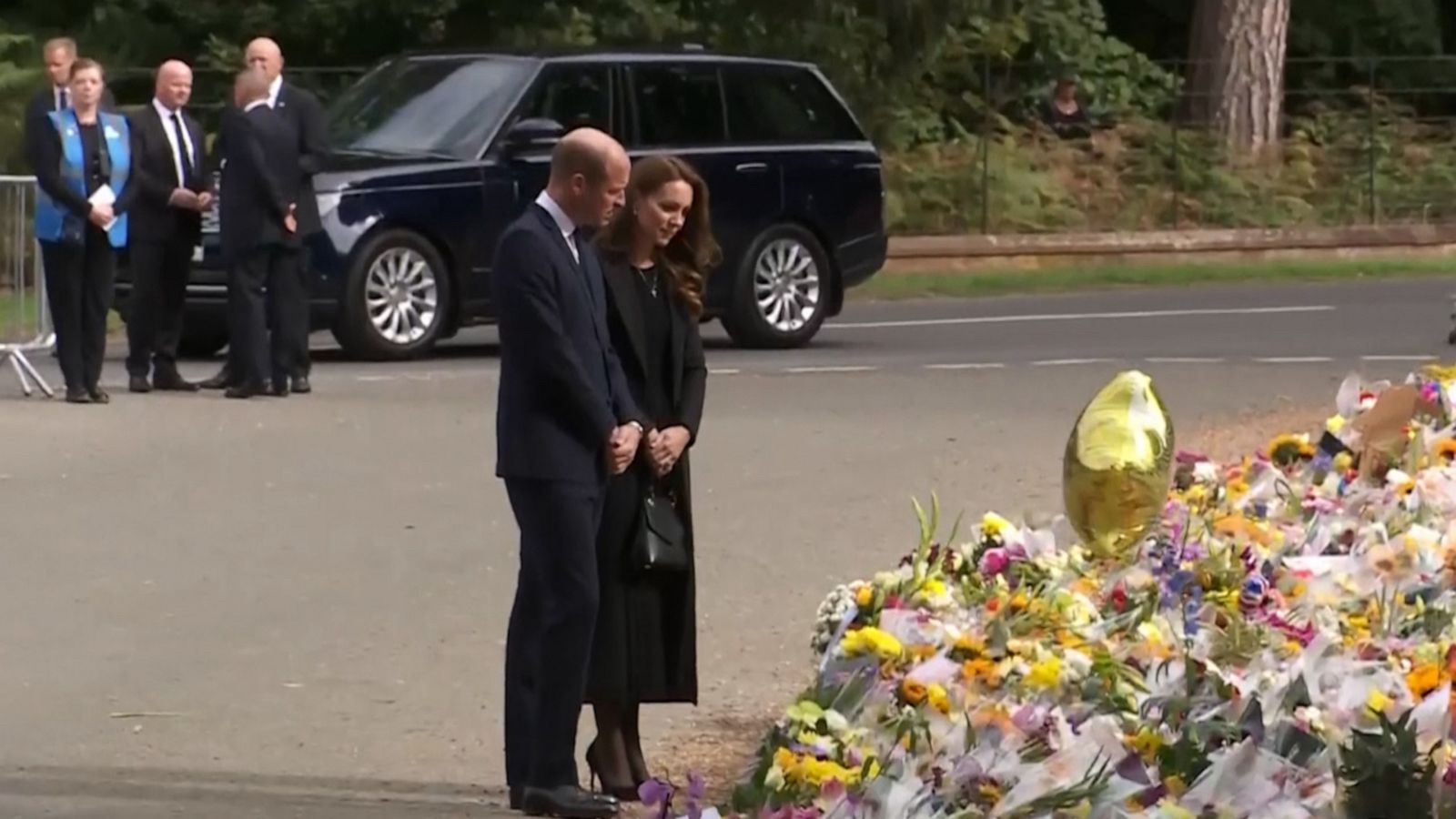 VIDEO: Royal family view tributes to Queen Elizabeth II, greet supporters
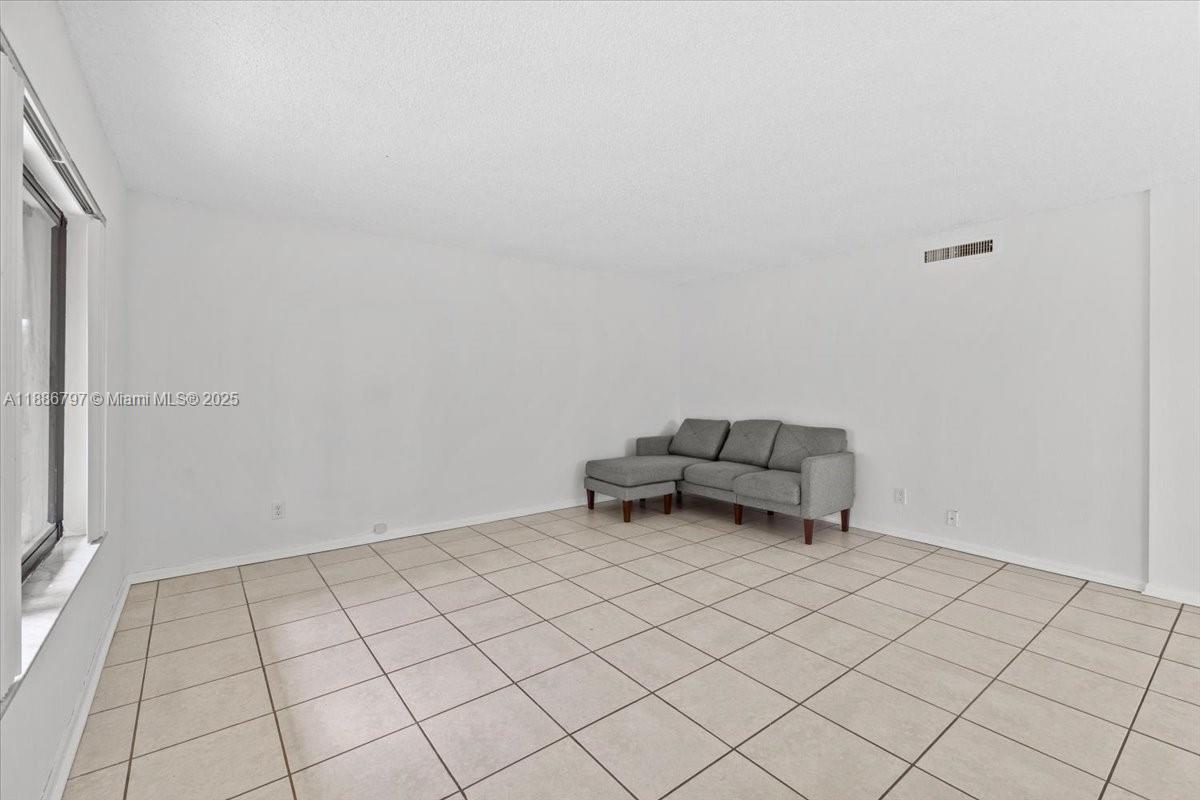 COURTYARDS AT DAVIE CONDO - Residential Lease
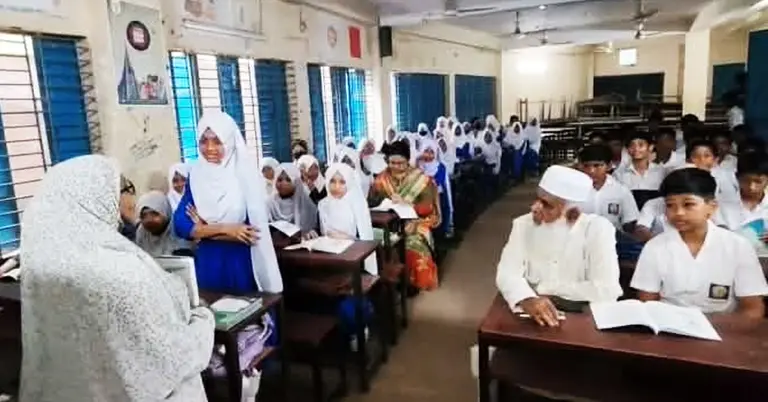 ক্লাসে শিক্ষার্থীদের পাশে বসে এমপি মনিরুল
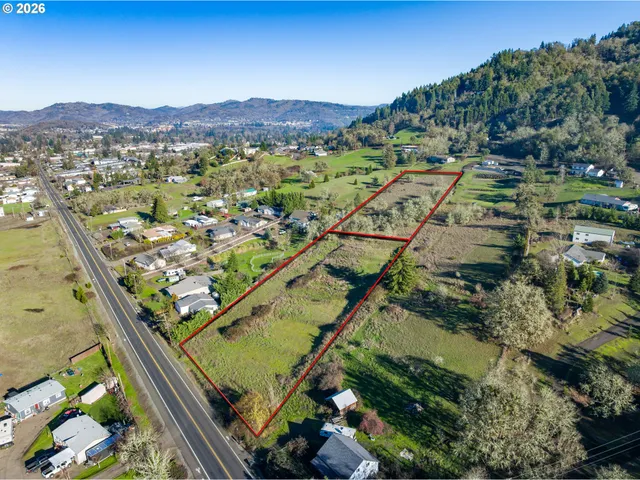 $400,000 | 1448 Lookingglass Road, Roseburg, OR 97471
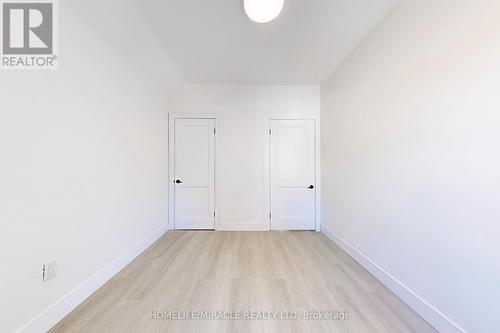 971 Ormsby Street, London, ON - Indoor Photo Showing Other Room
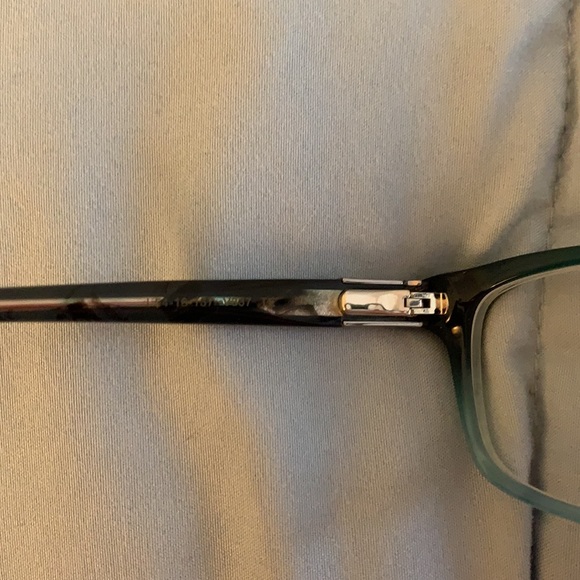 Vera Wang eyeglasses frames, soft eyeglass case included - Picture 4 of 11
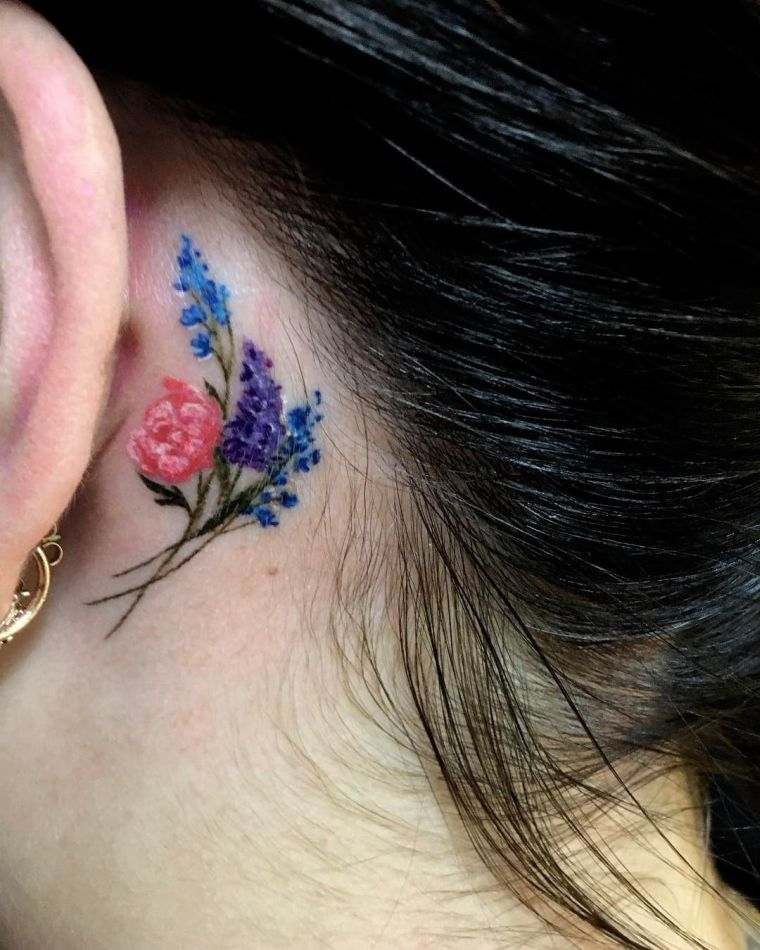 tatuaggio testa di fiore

_ _ _ _

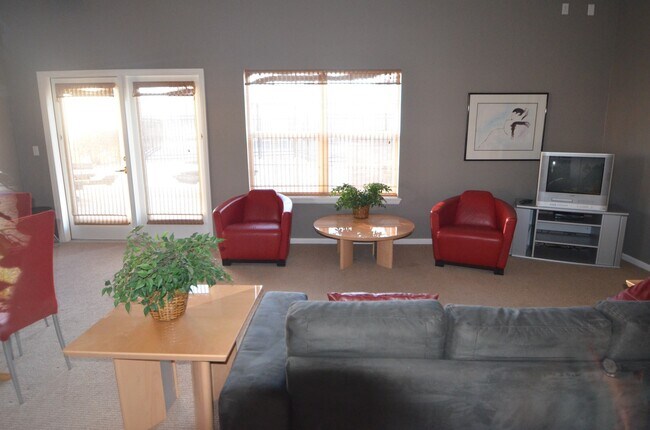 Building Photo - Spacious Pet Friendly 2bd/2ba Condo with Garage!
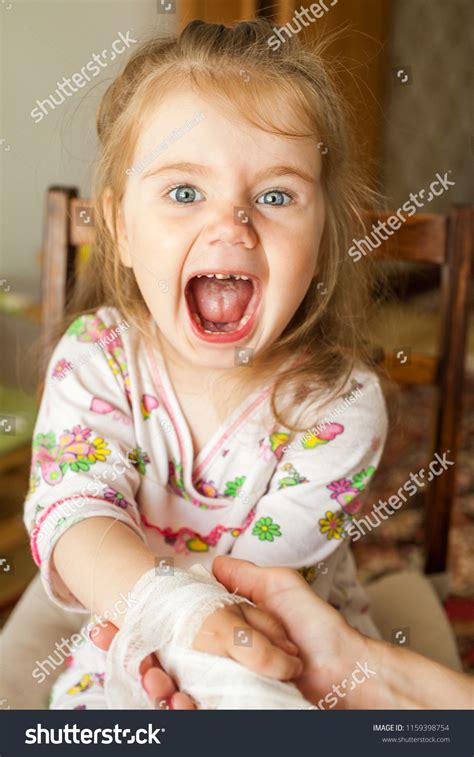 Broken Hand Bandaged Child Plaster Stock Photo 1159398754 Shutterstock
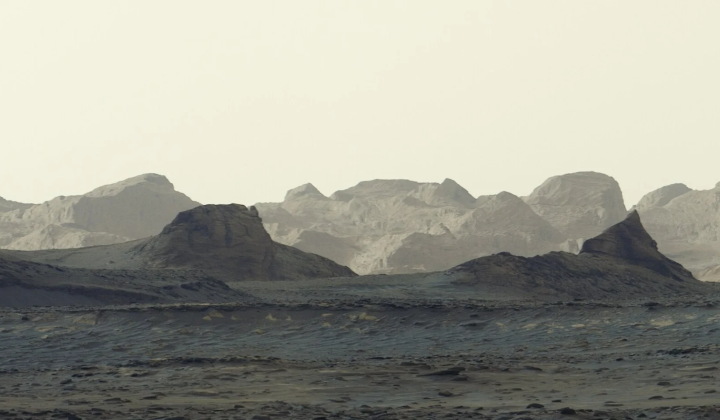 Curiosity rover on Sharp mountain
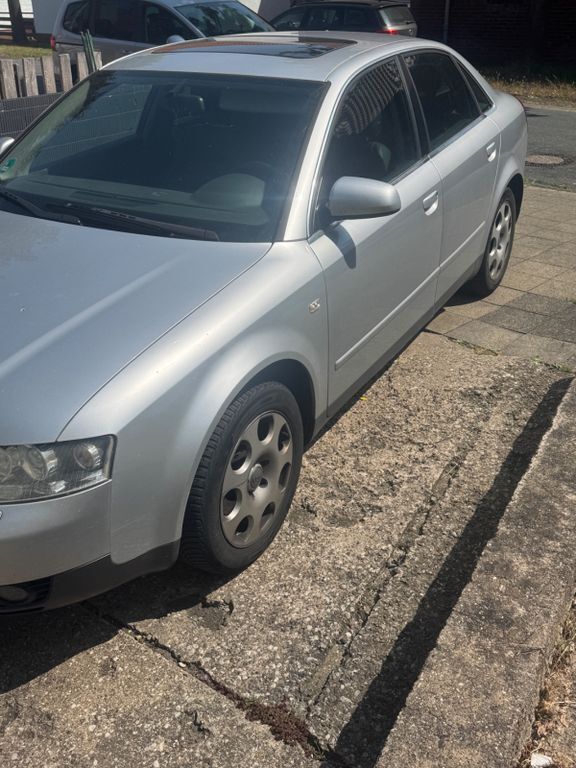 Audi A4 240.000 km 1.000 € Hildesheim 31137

_ _ _ _

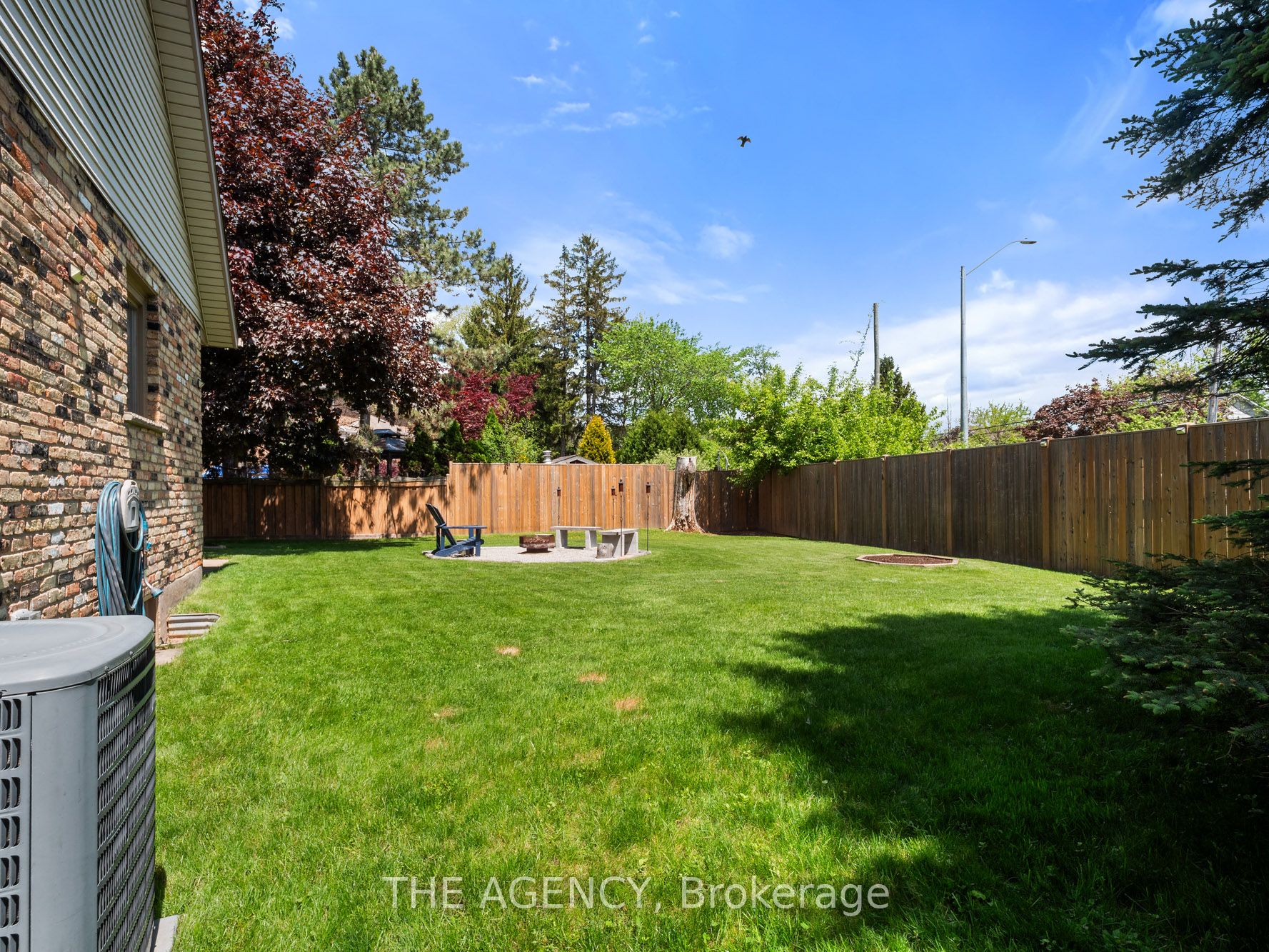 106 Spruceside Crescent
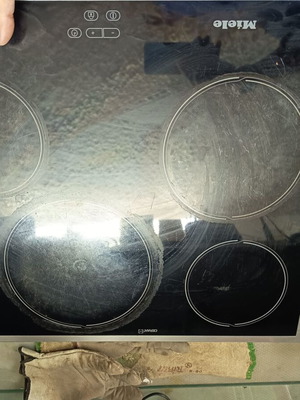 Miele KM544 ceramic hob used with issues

_ _ _ _

■ Your task
Copy out exactly the material that runs from the line with "Building Photo - Spacious" to the line with "Audi A4 240.000 km 1.000 € Hildesheim 31137", ends included, and leave the pictures behind.

■ Output of the exercise
 Building Photo - Spacious Pet Friendly 2bd/2ba Condo with Garage!
 Broken Hand Bandaged Child Plaster Stock Photo 1159398754 Shutterstock
 Curiosity rover on Sharp mountain
 Audi A4 240.000 km 1.000 € Hildesheim 31137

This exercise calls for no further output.